Start of DATA EXTRACT
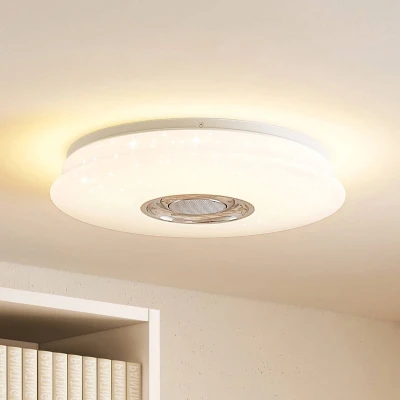 Afbeelding van Lindby LED plafondlamp RGB met dimmer 1licht Plastic, metaal H: 7 cm opaalwit Inclusief lichtbron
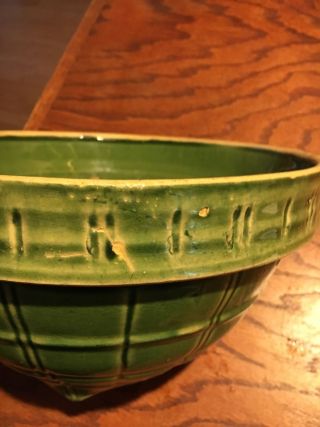 Antique McCoy Green Yellow Ware Mixing Bowl Basket 9 1/2 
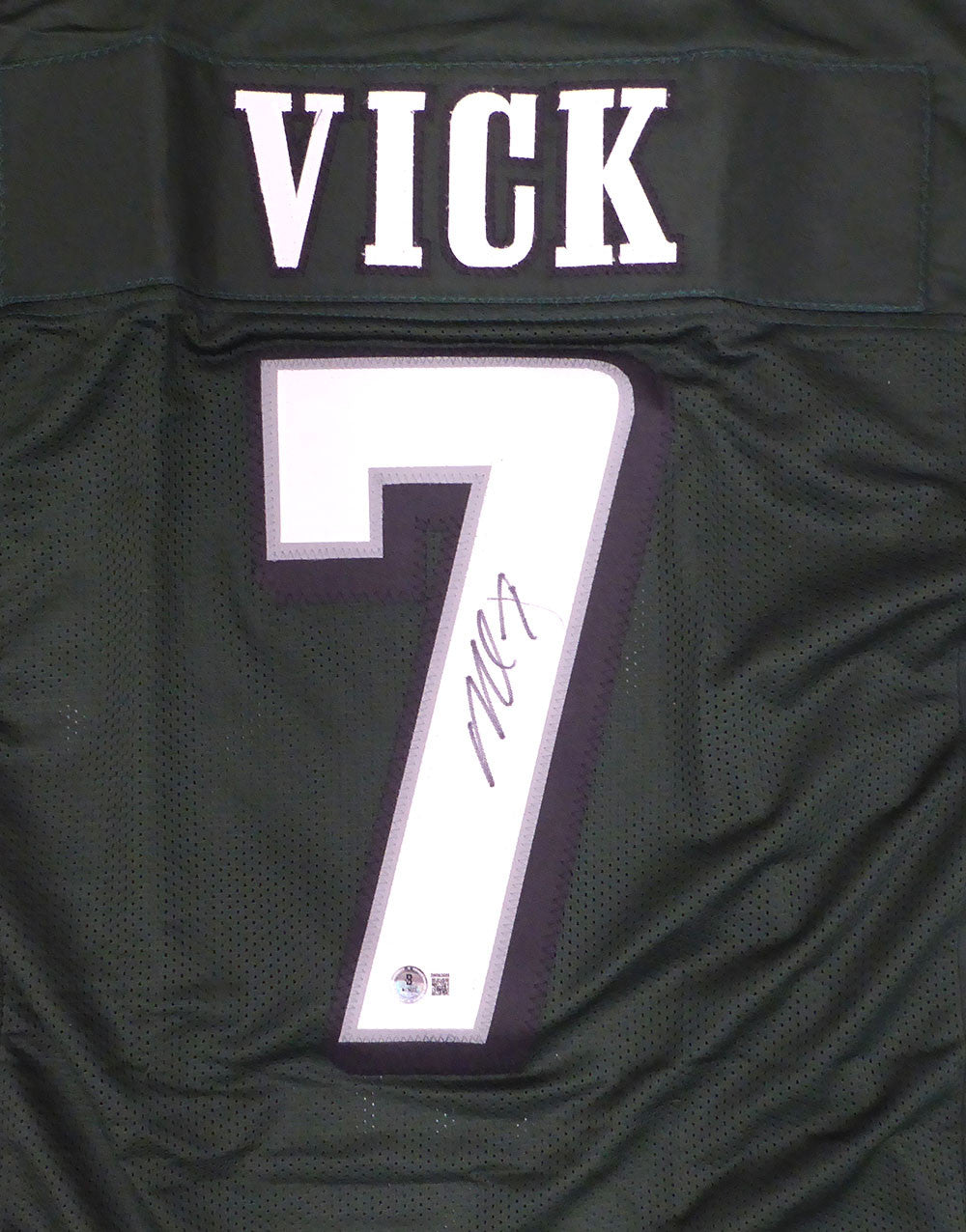 Philadelphia Eagles Michael Vick Autographed Green Custom Jersey Beckett BAS QR #3W063589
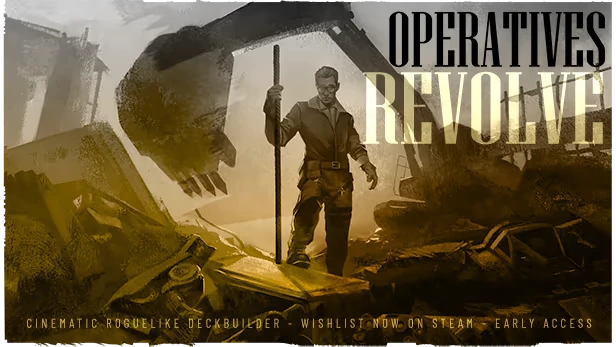 Cover Art Ruins – OPERATIVES: Revolve OPERATIVES: Man with staff in rubble; large OPERATIVES REVOLVE title text overlay.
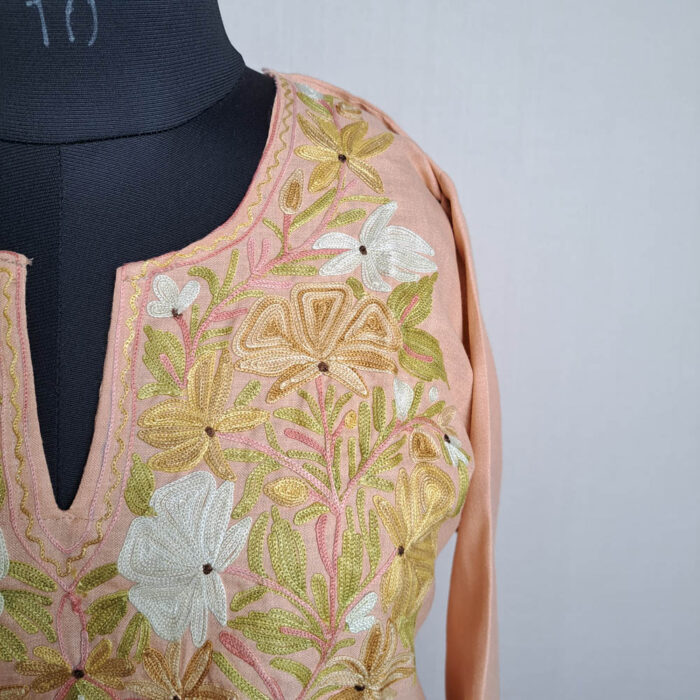 Peach Cotton Aari Kashmiri Salwar Kameez Co-ord Set - Image 3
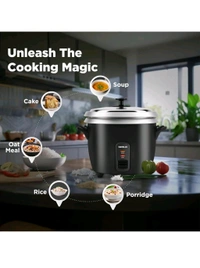 HAVELLS RISO Plus 1.8 liter 1 Bowl Rice Cooker| 700 W | Indicator Light |3 X Protection | 1 mm Thick inner bowl | SS 304 stainless steel Lid | Cook and Warm function| Drum shape model(Black) - Black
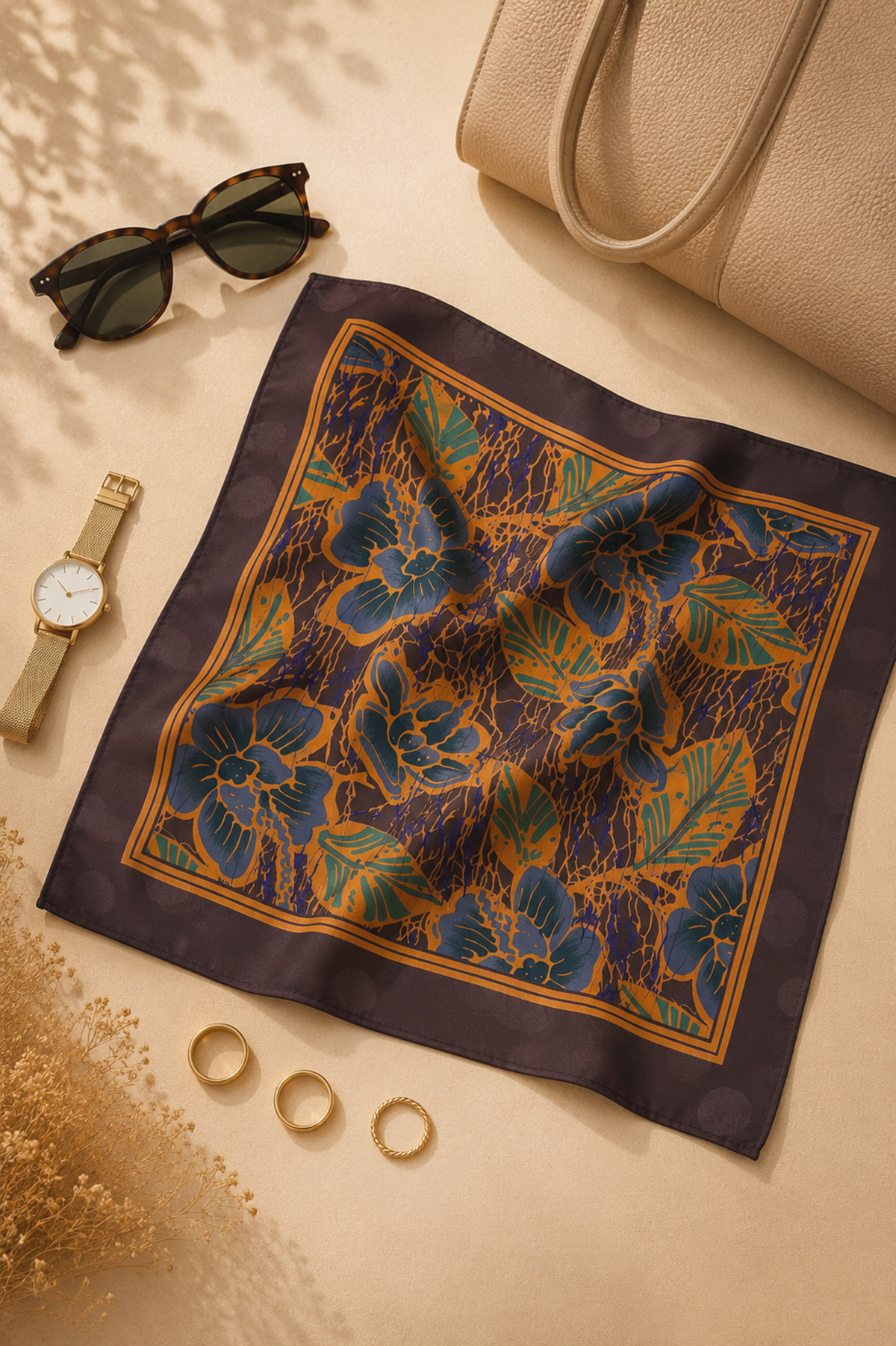 Defne Apollon Harman %100 İpek Mendil 33 x 33 cm – Kahverengi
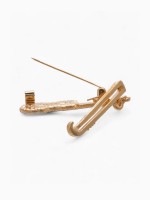 Брошь «Скрипка», цвет чёрно-белый в золоте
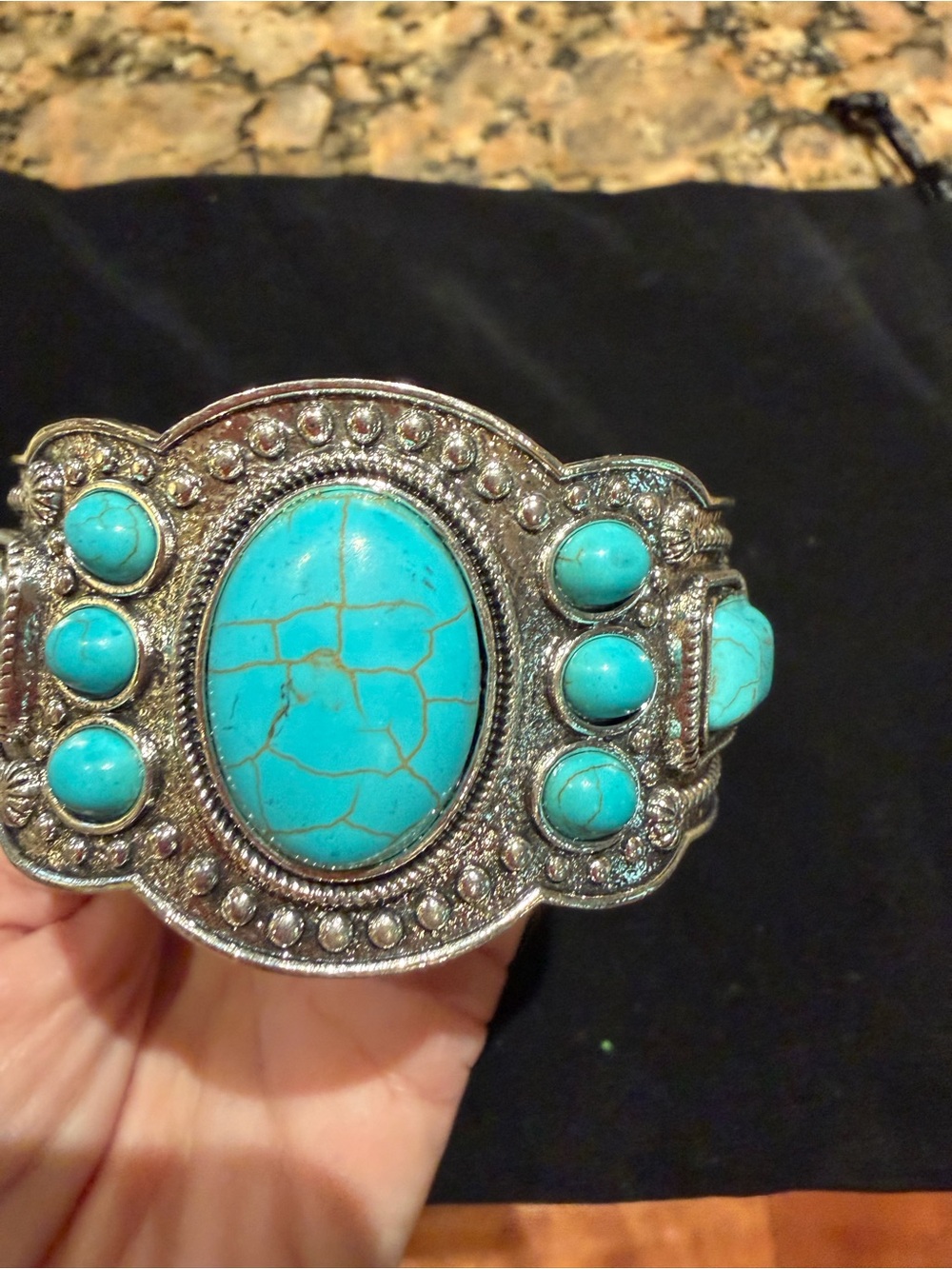 Turquoise Stone Silver-Tone Cuff Bracelet - Unbranded
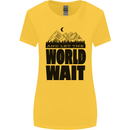 Mountain World Wait Hiking Trekking Walking Womens Wider Cut T-Shirt Yellow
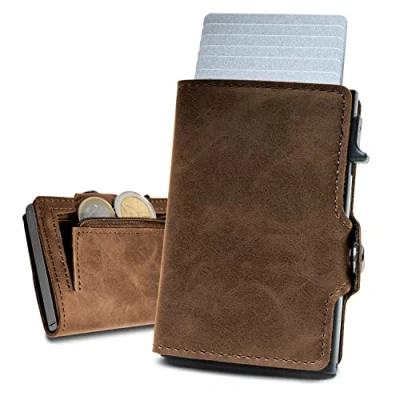 Afbeelding van slimfin® Slim Wallet met muntzakje kaarthouder RFID bescherming pop up portemonnee mini voor mannen en vrouwen slanke lichtgewicht donkerbruin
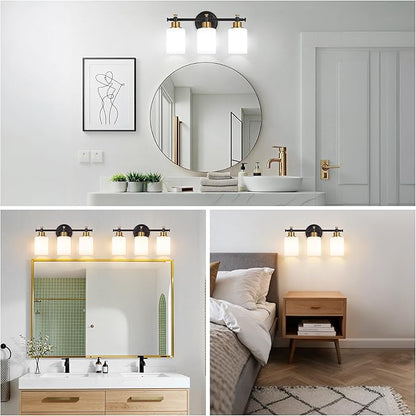 3-Light Bathroom Vanity Light, Black and Gold Vanity Lights for Bathroom with Milky White Glass Shade, Vanity Light Fixture Over Mirror, Modern Style, 16 Inch Compact, E26 Base
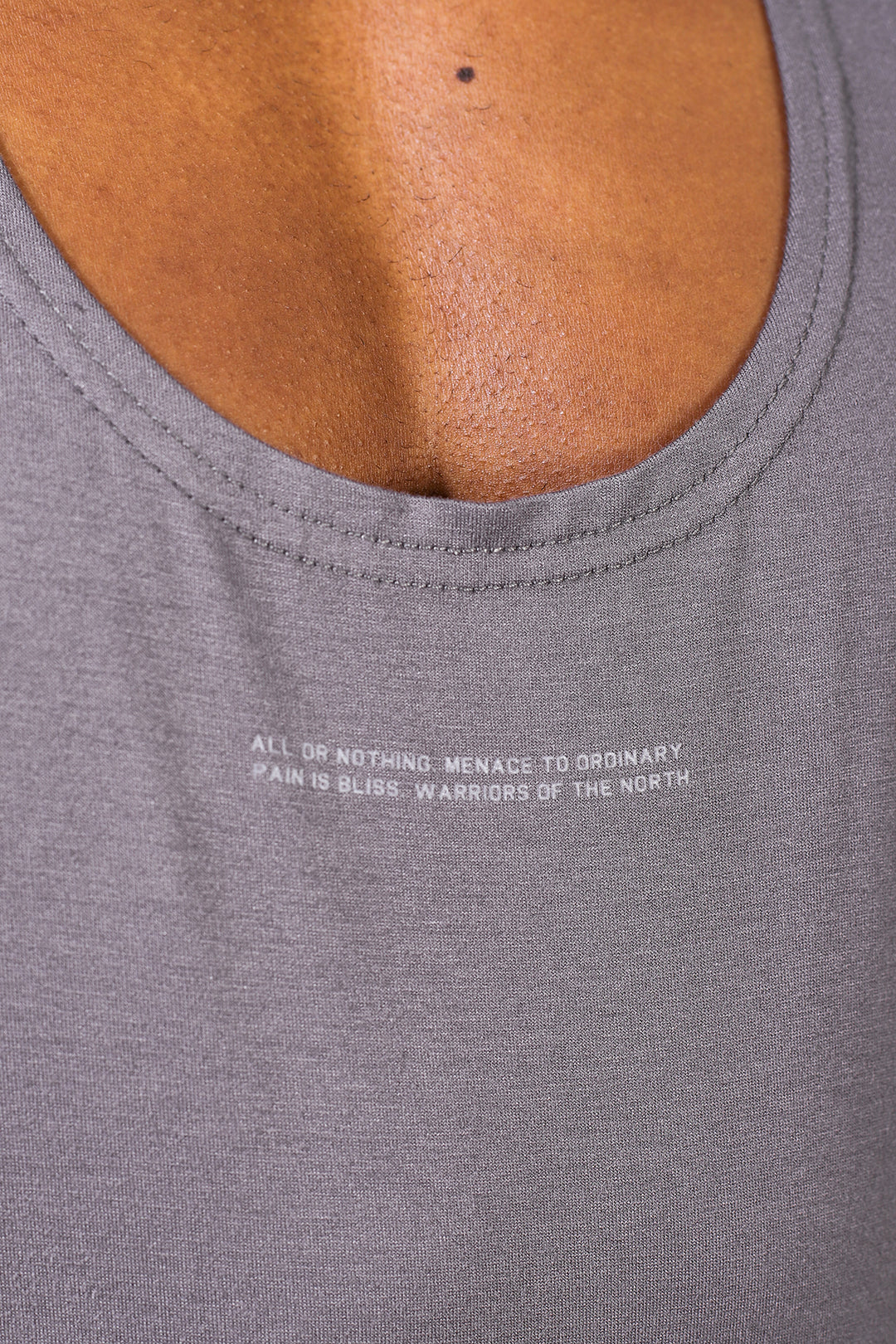 Classic Bodybuilding Racerback Stringer - Quote Gray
End of DATA EXTRACT
From the records above, transcribe exactly the lines starting at the one containing "Defne Apollon Harman" and ending at the one containing "Afbeelding van slimfin®". Skip the pictures.

 Defne Apollon Harman %100 İpek Mendil 33 x 33 cm – Kahverengi
 Брошь «Скрипка», цвет чёрно-белый в золоте
 Turquoise Stone Silver-Tone Cuff Bracelet - Unbranded
 Mountain World Wait Hiking Trekking Walking Womens Wider Cut T-Shirt Yellow
 Afbeelding van slimfin® Slim Wallet met muntzakje kaarthouder RFID bescherming pop up portemonnee mini voor mannen en vrouwen slanke lichtgewicht donkerbruin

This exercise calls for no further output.